### DATASET RECORDS

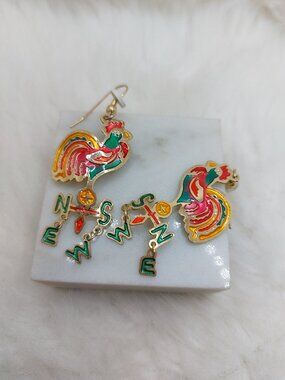 Vintage Two Hands Dangle Enamel-painted Roosters with Compass Earrings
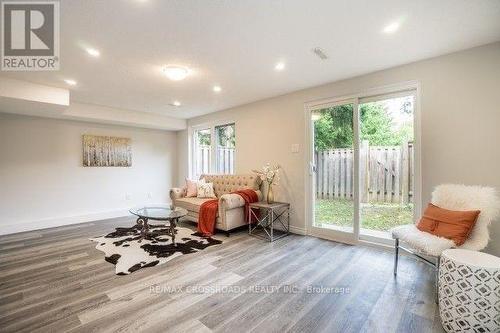 7 Sandhurst Circle E, Toronto, ON - Indoor Photo Showing Living Room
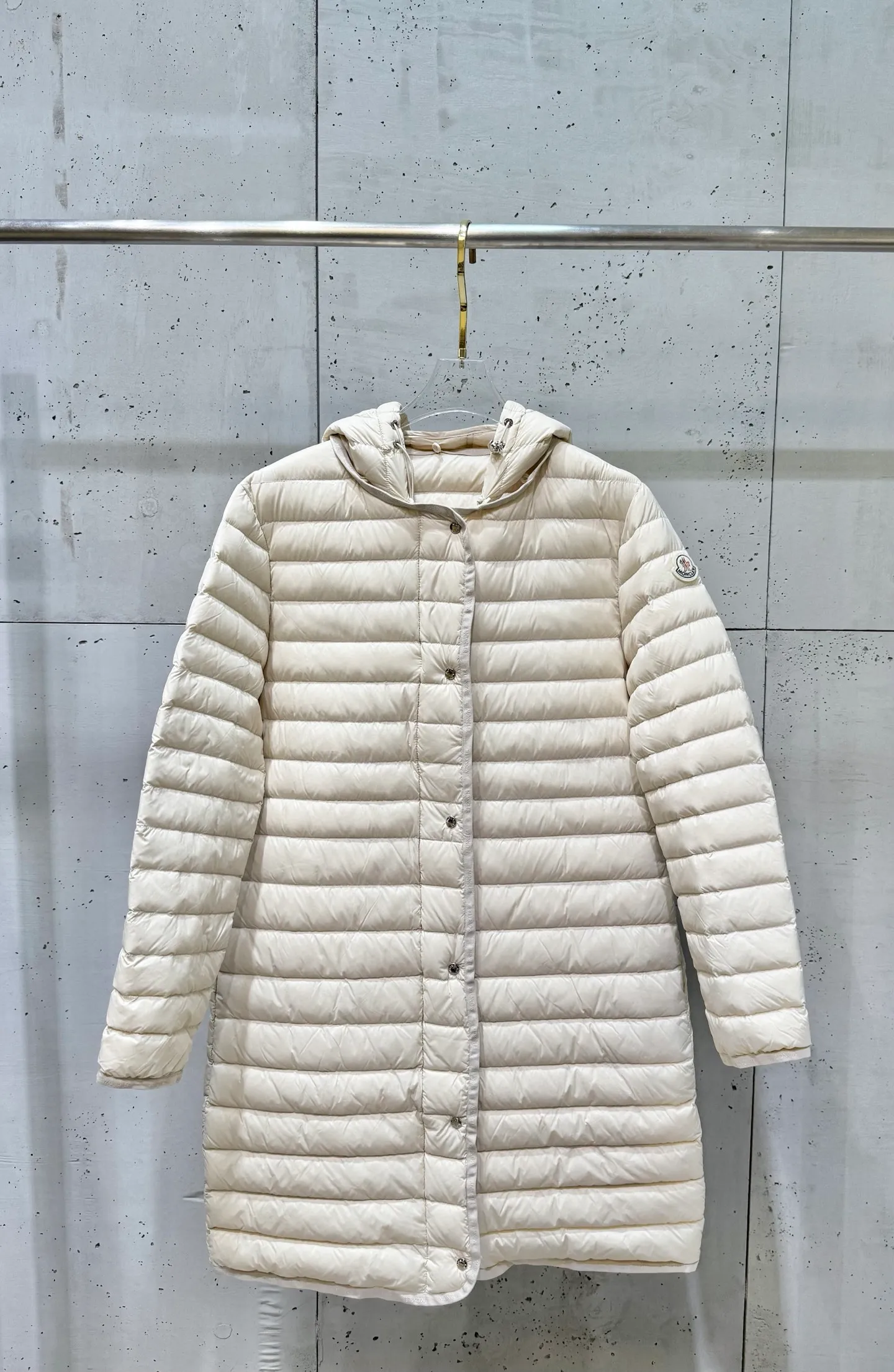 P840 long moncler special down jacket. The latest style of waisted hooded lightweight long down jacket in autumn and winter🖤Customized and developed hardware accessories. All details are fully processed. The waist is perfect and the upper body effect is great. A must-have for goddesses. Versatile, fashionable and handsome. National standard 90 white goose down filling. The texture of memory silk fabric is upright and stylish. It is warm and avoids bloat. All three standards are complete. Size: 01234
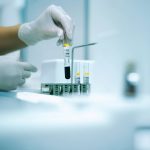 Téli immunerősítés: Milyen laborvizsgálatok segítenek a szezonális betegségek ellen?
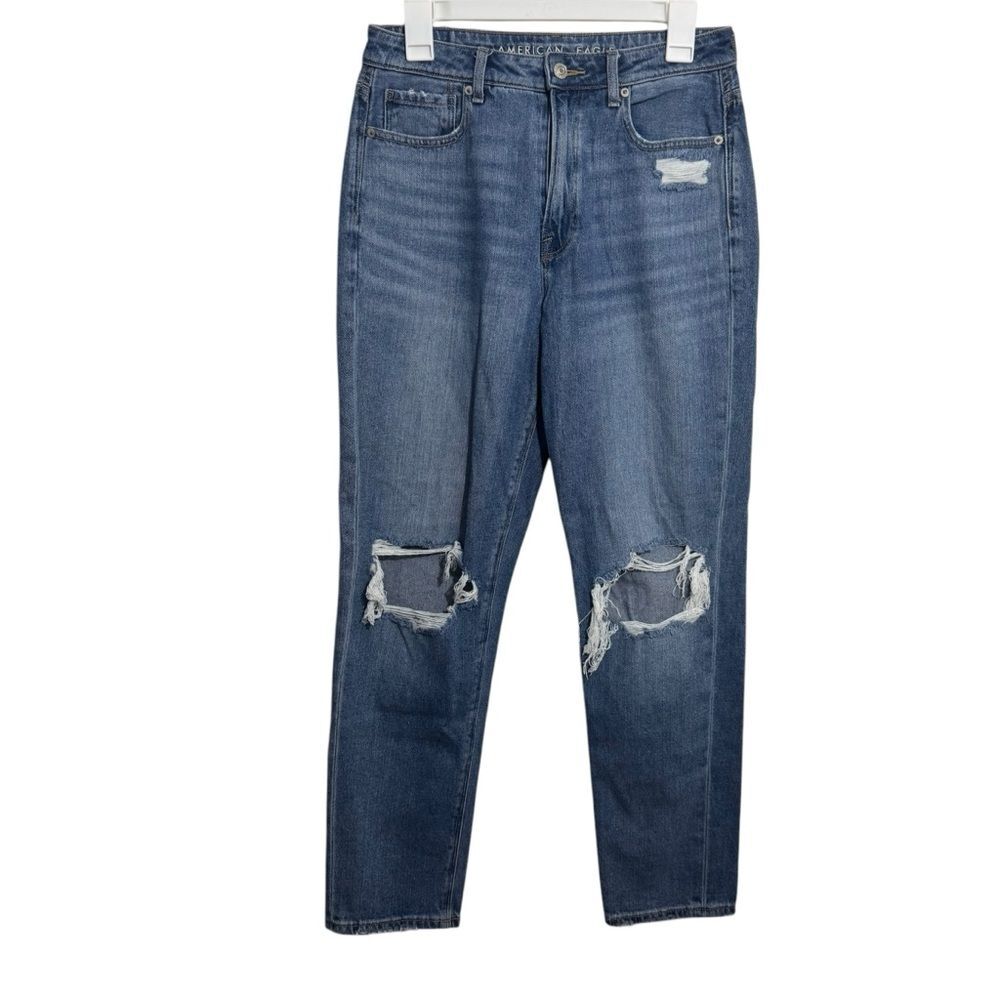 NWOT American Eagle Medium Wash Distressed Mom Jeans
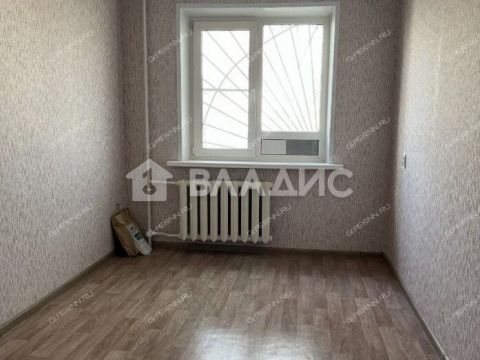 3-komnatnaya-prosp-lenina-d-28-k6 фото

### TASK ITEM
Reproduce every entry above exactly, and omit the pictures.

### OUTPUT FOR THIS EXERCISE
 Vintage Two Hands Dangle Enamel-painted Roosters with Compass Earrings
 7 Sandhurst Circle E, Toronto, ON - Indoor Photo Showing Living Room
 P840 long moncler special down jacket. The latest style of waisted hooded lightweight long down jacket in autumn and winter🖤Customized and developed hardware accessories. All details are fully processed. The waist is perfect and the upper body effect is great. A must-have for goddesses. Versatile, fashionable and handsome. National standard 90 white goose down filling. The texture of memory silk fabric is upright and stylish. It is warm and avoids bloat. All three standards are complete. Size: 01234
 Téli immunerősítés: Milyen laborvizsgálatok segítenek a szezonális betegségek ellen?
 NWOT American Eagle Medium Wash Distressed Mom Jeans
 3-komnatnaya-prosp-lenina-d-28-k6 фото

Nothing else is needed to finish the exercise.